* [Work item] Transcribe all records exactly.

* [Data shown]
+++++

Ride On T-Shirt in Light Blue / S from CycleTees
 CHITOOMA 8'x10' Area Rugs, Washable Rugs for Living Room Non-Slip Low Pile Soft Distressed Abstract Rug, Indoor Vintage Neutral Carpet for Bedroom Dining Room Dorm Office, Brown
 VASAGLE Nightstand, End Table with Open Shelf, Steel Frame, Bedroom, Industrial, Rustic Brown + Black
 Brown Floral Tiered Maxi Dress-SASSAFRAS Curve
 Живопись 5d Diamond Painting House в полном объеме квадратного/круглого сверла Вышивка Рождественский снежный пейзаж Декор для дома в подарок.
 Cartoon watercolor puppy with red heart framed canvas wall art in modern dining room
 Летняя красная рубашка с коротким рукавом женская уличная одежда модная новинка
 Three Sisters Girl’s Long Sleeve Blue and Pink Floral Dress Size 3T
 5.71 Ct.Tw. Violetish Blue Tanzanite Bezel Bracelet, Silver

+++++

* [Expected output]
Ride On T-Shirt in Light Blue / S from CycleTees
 CHITOOMA 8'x10' Area Rugs, Washable Rugs for Living Room Non-Slip Low Pile Soft Distressed Abstract Rug, Indoor Vintage Neutral Carpet for Bedroom Dining Room Dorm Office, Brown
 VASAGLE Nightstand, End Table with Open Shelf, Steel Frame, Bedroom, Industrial, Rustic Brown + Black
 Brown Floral Tiered Maxi Dress-SASSAFRAS Curve
 Живопись 5d Diamond Painting House в полном объеме квадратного/круглого сверла Вышивка Рождественский снежный пейзаж Декор для дома в подарок.
 Cartoon watercolor puppy with red heart framed canvas wall art in modern dining room
 Летняя красная рубашка с коротким рукавом женская уличная одежда модная новинка
 Three Sisters Girl’s Long Sleeve Blue and Pink Floral Dress Size 3T
 5.71 Ct.Tw. Violetish Blue Tanzanite Bezel Bracelet, Silver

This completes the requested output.